[Given records Boundary: Start]

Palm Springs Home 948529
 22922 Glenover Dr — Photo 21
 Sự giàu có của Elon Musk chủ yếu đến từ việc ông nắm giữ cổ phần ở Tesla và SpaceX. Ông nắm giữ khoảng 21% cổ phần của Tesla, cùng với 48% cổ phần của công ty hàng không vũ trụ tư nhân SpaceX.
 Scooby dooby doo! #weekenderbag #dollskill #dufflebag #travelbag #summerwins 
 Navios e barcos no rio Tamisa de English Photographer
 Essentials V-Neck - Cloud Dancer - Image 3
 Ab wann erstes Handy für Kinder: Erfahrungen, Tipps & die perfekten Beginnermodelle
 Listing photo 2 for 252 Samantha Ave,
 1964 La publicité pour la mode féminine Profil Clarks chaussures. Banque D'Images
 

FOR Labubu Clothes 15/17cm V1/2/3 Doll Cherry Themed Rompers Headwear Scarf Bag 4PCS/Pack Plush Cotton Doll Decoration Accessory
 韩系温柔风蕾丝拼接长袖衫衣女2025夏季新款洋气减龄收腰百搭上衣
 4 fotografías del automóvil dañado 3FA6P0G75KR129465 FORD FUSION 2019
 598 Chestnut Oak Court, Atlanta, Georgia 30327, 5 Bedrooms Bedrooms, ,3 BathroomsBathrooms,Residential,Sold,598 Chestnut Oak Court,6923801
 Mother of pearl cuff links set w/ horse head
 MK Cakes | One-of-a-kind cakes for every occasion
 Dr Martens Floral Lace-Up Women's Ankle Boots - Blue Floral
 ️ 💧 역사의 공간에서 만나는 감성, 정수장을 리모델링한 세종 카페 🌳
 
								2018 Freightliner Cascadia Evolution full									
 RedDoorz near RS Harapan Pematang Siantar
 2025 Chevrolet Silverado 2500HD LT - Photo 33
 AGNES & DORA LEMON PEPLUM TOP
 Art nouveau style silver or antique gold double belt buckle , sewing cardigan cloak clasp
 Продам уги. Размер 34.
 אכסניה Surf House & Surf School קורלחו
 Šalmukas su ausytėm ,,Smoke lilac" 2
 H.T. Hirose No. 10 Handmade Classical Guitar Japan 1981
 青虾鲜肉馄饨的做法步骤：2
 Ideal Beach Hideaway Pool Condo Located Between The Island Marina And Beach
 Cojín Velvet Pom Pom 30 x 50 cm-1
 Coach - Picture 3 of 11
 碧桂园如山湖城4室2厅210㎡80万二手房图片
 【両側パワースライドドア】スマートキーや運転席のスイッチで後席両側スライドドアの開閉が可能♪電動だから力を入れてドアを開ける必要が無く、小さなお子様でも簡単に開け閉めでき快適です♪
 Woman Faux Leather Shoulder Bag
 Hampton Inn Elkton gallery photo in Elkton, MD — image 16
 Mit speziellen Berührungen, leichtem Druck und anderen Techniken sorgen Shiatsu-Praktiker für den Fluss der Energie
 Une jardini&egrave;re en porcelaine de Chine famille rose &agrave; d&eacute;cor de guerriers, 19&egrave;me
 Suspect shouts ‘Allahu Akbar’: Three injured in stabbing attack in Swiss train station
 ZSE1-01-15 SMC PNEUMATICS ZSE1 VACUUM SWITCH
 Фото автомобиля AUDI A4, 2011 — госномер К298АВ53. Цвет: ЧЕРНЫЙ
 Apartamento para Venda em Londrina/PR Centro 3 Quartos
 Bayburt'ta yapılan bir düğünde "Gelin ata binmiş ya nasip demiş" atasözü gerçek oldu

[Given records Boundary: End]

Aim of the exercise :: Taking the records above, retype every line from the one with "Scooby dooby doo!" down to the one with "4 fotografías del", exactly and with nothing else.

Solved exercise ::
 Scooby dooby doo! #weekenderbag #dollskill #dufflebag #travelbag #summerwins 
 Navios e barcos no rio Tamisa de English Photographer
 Essentials V-Neck - Cloud Dancer - Image 3
 Ab wann erstes Handy für Kinder: Erfahrungen, Tipps & die perfekten Beginnermodelle
 Listing photo 2 for 252 Samantha Ave,
 1964 La publicité pour la mode féminine Profil Clarks chaussures. Banque D'Images
 

FOR Labubu Clothes 15/17cm V1/2/3 Doll Cherry Themed Rompers Headwear Scarf Bag 4PCS/Pack Plush Cotton Doll Decoration Accessory
 韩系温柔风蕾丝拼接长袖衫衣女2025夏季新款洋气减龄收腰百搭上衣
 4 fotografías del automóvil dañado 3FA6P0G75KR129465 FORD FUSION 2019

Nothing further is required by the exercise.